In this talk I will give an overview on text dependent speaker recognition including Bayesian and deep-learning based approaches. In the Bayesian part I will describe methods tuned to handling large amounts of training data (joint-factor analysis, i- vectors) and methods tuned to modeling robustly very small amounts of training data. I will also talk about spoofing and countermeasures. The talk is based on: H. Aronowitz, "Inter Dataset Variability Modeling for Speaker Recognition", in Proc. ICASSP, 2017.
H. Aronowitz, "Speaker Recognition using Common Passphrases in RedDots", in
Proc. ICASSP, 2017.
A. Aides, H. Aronowitz, "Text-Dependent Audiovisual Synchrony Detection for Spoofing Detection in Mobile Person Recognition", in Proc. Interspeech, 2016.

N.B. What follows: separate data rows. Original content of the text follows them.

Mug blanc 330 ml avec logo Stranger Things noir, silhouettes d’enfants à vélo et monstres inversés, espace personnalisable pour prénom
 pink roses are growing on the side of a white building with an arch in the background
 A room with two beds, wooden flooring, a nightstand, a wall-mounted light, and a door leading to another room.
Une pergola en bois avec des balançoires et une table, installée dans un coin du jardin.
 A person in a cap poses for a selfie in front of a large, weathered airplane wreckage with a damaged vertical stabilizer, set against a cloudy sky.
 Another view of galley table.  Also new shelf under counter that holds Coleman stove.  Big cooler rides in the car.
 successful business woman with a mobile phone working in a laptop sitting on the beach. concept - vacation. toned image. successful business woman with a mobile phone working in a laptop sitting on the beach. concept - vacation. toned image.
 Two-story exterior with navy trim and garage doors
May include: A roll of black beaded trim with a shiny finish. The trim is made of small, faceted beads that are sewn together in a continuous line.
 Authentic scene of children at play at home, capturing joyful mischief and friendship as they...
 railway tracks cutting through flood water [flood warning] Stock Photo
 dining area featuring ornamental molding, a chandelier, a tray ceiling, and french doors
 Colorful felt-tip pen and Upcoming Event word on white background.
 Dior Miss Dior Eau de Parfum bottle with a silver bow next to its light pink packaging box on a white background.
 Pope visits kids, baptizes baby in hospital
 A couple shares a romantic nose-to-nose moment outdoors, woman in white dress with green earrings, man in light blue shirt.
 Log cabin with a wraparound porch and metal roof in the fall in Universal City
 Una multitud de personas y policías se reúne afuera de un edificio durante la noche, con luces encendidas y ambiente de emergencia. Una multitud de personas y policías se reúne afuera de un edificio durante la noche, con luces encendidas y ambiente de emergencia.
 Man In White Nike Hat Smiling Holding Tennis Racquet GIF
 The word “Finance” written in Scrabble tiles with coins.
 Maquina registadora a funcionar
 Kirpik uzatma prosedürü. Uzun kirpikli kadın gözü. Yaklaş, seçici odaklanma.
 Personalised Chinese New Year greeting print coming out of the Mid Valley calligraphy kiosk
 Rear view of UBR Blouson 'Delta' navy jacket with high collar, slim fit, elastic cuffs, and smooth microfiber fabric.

H. Aronowitz, "Speaker Recognition using Matched Filters", in Proc. ICASSP, 2016. O.Plchot, L. Burget, H. Aronowitz, P. Majetka, "Audio Enhancing with DNN Autoencoders for Speaker Recognition", in Proc. ICASSP, 2016.
H. Aronowitz, "Exploiting Supervector Structure for Speaker Recognition Trained on a Small Development Set", in Interspeech, 2015.
H. Aronowitz, "Score Stabilization for Speaker Recognition Trained on a Small Development Set", in Interspeech, 2015.
Dr. Hagai Aronowitz received the B.Sc. degree in Computer Science, Mathematics and Physics from the Hebrew University, Jerusalem, Israel in 1994, and the M.Sc. degree, Summa Cum Laude and Ph.D. degree, both in Computer Science from Bar-Ilan University, Ramat-Gan, Israel, in 2000 and 2006 respectively. In 2006-2007 he has been a postdoctoral fellow in the advanced LVCSR group in IBM T. J. Watson Research Center, Yorktown Heights, NY. He currently is working at IBM Haifa Research Lab, leading the multi-modal biometrics research team. His research interests include speaker identification, speaker diarization, face identification, audiovisual processing, and spoken language identification. Dr. Aronowitz is an author of 50 peer reviewed publications in major conferences and journals.